Doubts about the tokenization strategy and the explanation of models through SHAP

Hi there!

I have a doubt about the tokenizers of the transformers models, and to simplify I will restrict the case to BERT.

BERT uses the wordpiece tokenizer therefore its features are word pieces and some whole words, the advantages of this approach are: a small dictionary, robustness to new words and computational efficiency.

I’m doing a project in text-classification and an important module of this project is about XAI, I was required to use SHAP to explain BERT’s classification.
We discovered without much surprise that SHAP highlights word pieces to explain BERT’s classification, but for my boss this isn’t good for him.

He wanted that SHAP highlights words and not piece of words but with wordpiece tokenizer it’s impossible because that algorithm works for split words!

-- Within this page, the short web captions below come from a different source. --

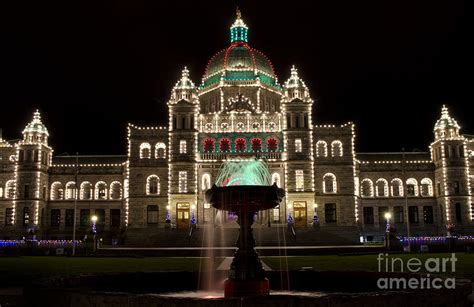 Victoria Parliament Buildings And Fountain At Christmas Photograph By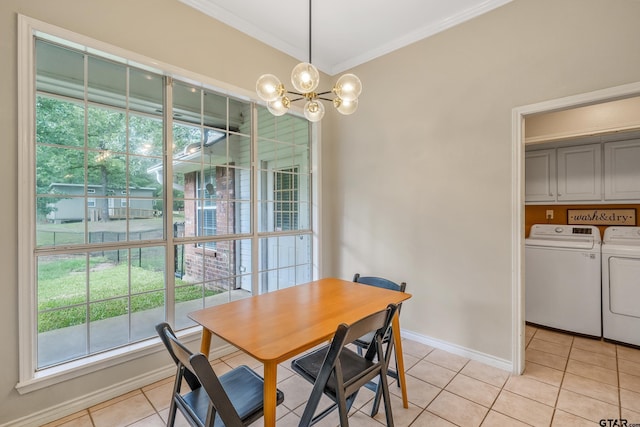 14677 County Road 2337, Tyler, TX 75707 - dining space featuring washer and dryer, crown molding, a chandelier, light tile patterned flooring, and baseboards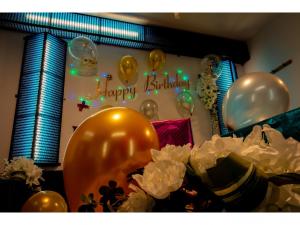 a bunch of balloons and a happy birthday sign next to flowers at XYZ Private Spa and Seaside Resort in Shirahama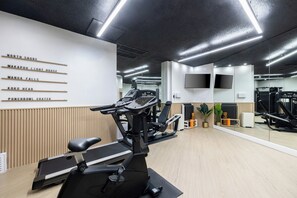 A gym with exercise equipment, a wall with names, and a large mirror. - Bishop Suites Downtown Honolulu (Honolulu)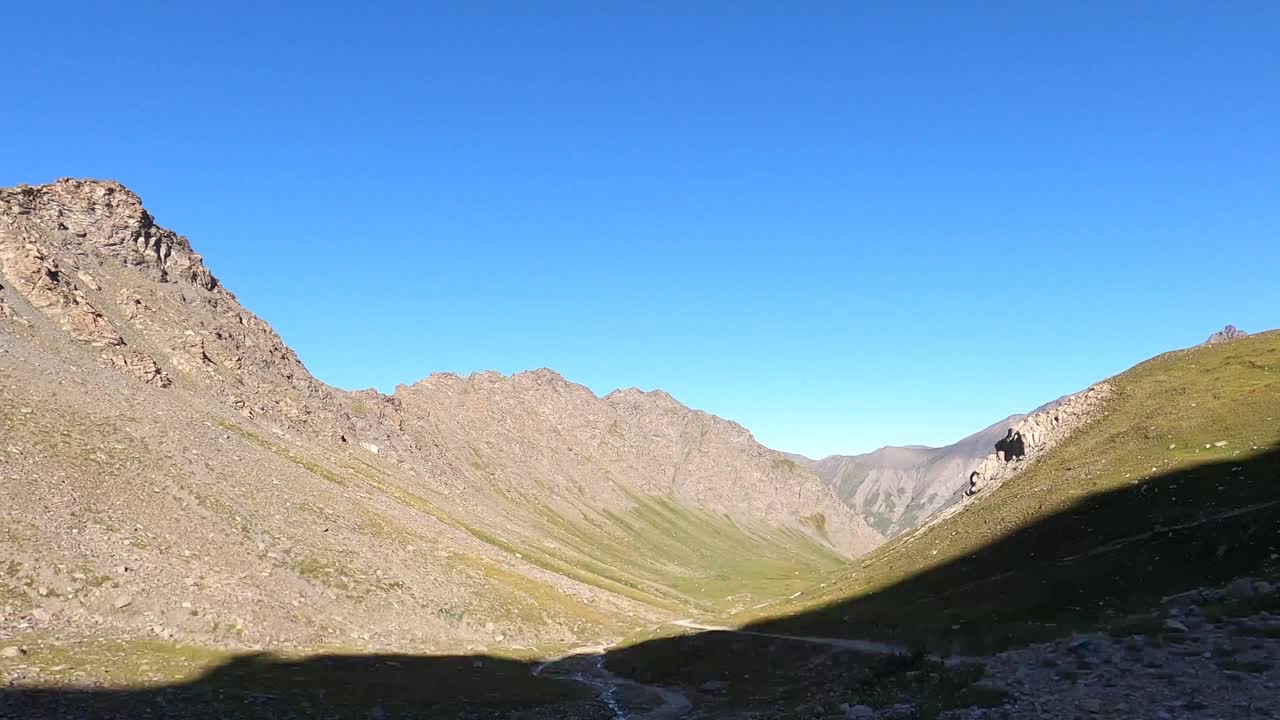 在意大利阿尔卑斯山脉的一条土路上，一辆行驶中的全地形车拍下了这段视频。你可以看到山谷，山谷里的路和上山的山坡上松动的石头。的客人视频素材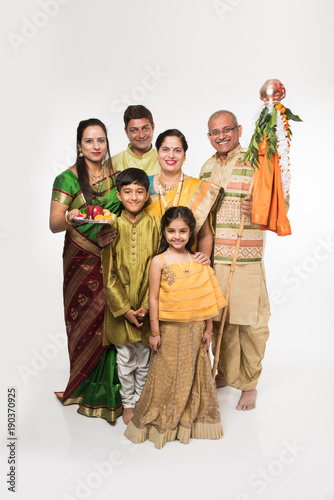 Indian family celebrating Gudi Padwa or Ugadi festival, which is a new year in Hindu tradition
 photo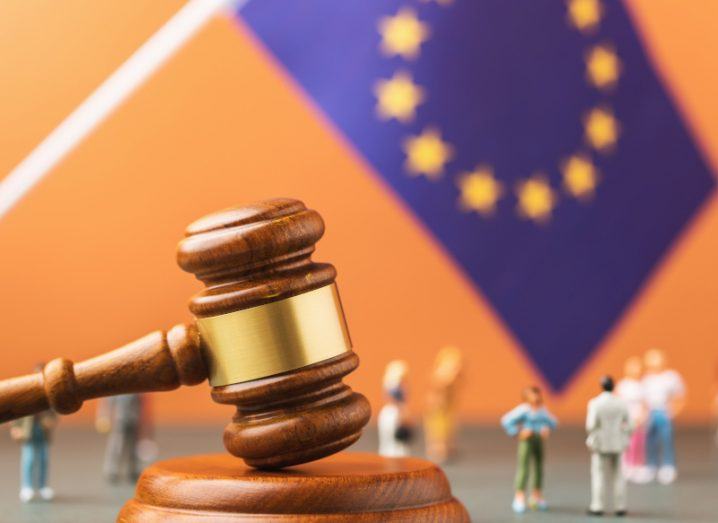 A large wooden gavel with the EU flag behind it and little toy plastic figurines like people standing around the gavel and flag.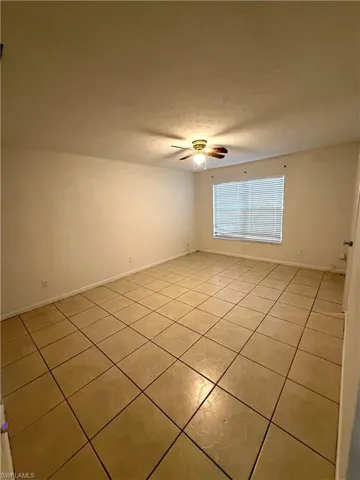 Empty room featuring light tile patterned flooring, ceiling fan, and a textured ceiling
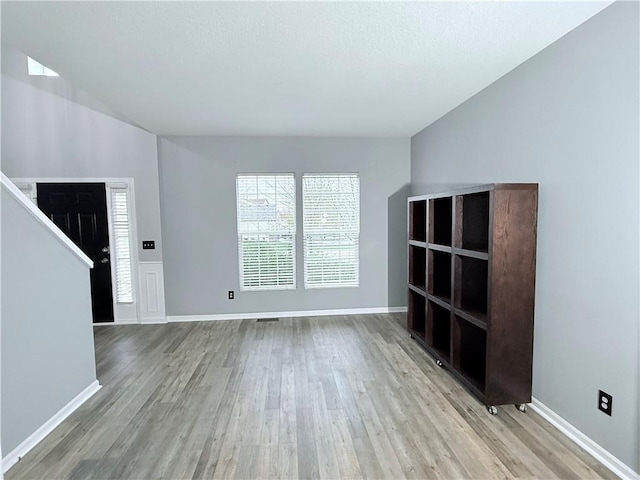 unfurnished living room with baseboards, wood finished floors, and stairway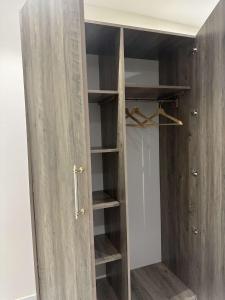 a closet with a wooden door and shelves at Duba gold in Ḑubā
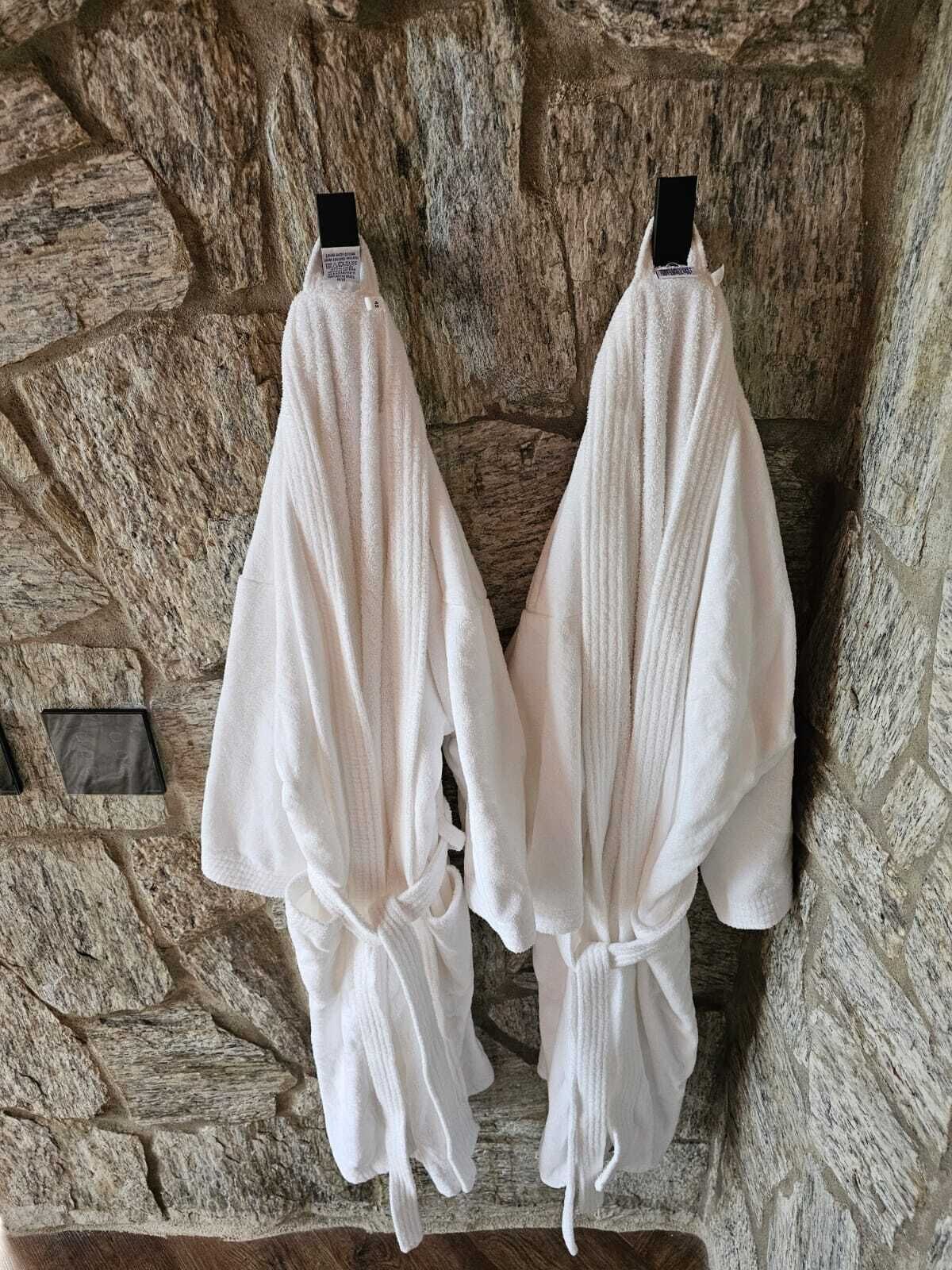 Dos túnicas blancas colgadas en una pared de piedra.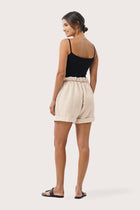 Back view of the Taloo Linen Bermuda Crema highlighting the garment shape and drape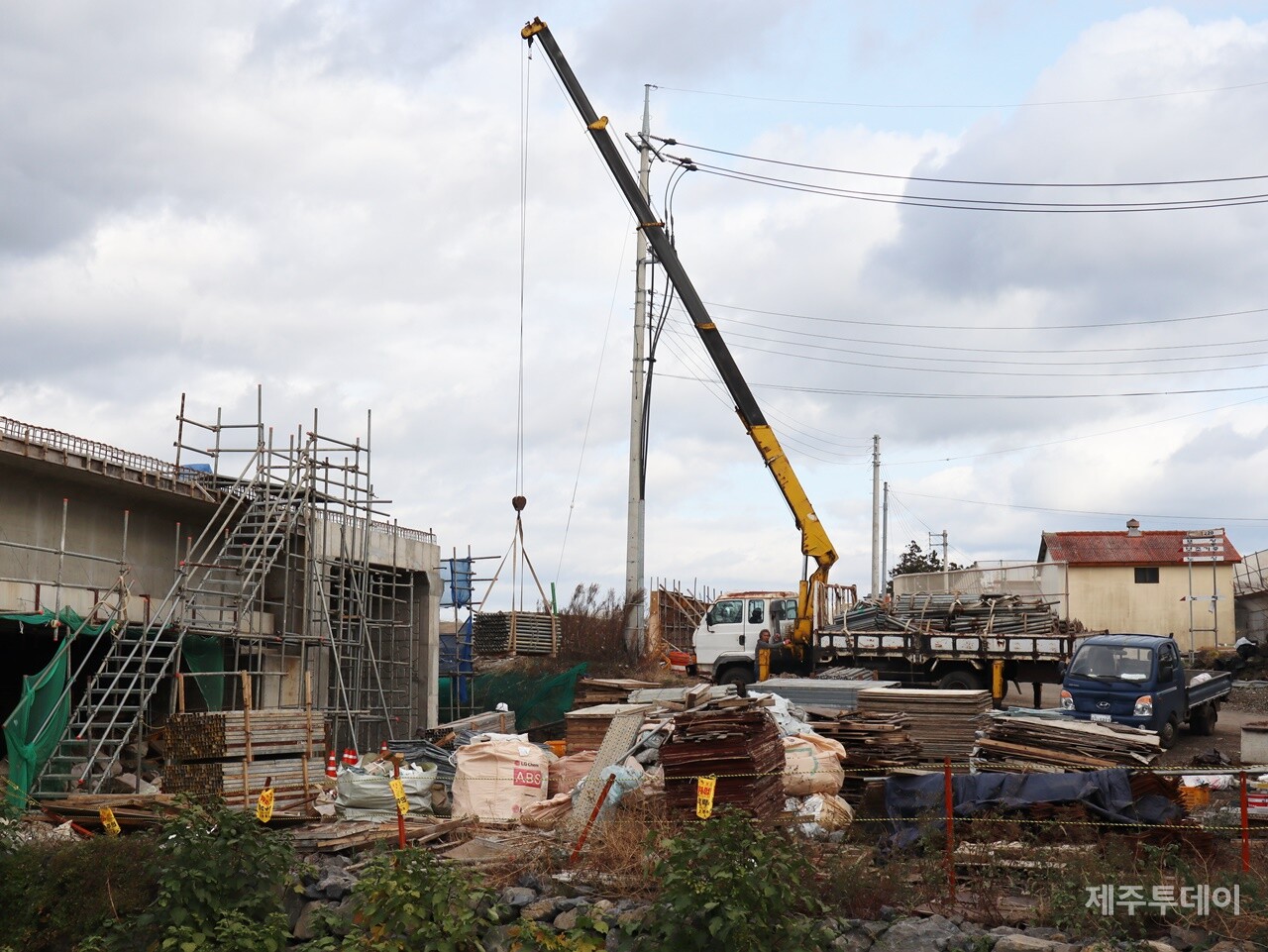 지난해 12월 2일 민군복합형 관광미항(제주해군기지) 진입도로 개설 공사 현장을 찾았다. 포크레인이 건축 자재를 옮기고 있다. (사진=박지희 기자)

Now he has asked me to train a new tokenizer that processes word-level features for BERT, but I am not very convinced about this strategy because

  1. hugginface does not provide a word-level tokenizer to make from scracht;
  2. it would result in a huge dictionary that would have to be built from the domain documents, which are very few (about a hundred documents), plus a huge generic data corpus like the one used by BERT and roBERTa to try to have as many words as possible and increase the resilience to new words;
  3. it is a computationally expensive operation in terms of time, effort and resources, because BERT would then have to be retrained because its knowledge was based on the features extracted from the word piece tokeniser, and to get things right it would then have to redo a hyperparametisation, which would be very challenging as I do everything.
  4. I don’t found papers (IEEE, elsever journals) or on web no one train word-level tokenizer to make from scracht for BERT and co.

I am convinced that the best way forward is to try a post-processing strategy where it is possible to reconstruct the information by retrieving the word embeddings of the split words and obtain the word embeddings of the reconstructed word and then understand how this can be used by SHAP.

Did anyone train from scratch a word-level tokenizer?
Did anyone use a post processing tecnique to retrive the correct embedding and rappresentation of a split word for SHAP?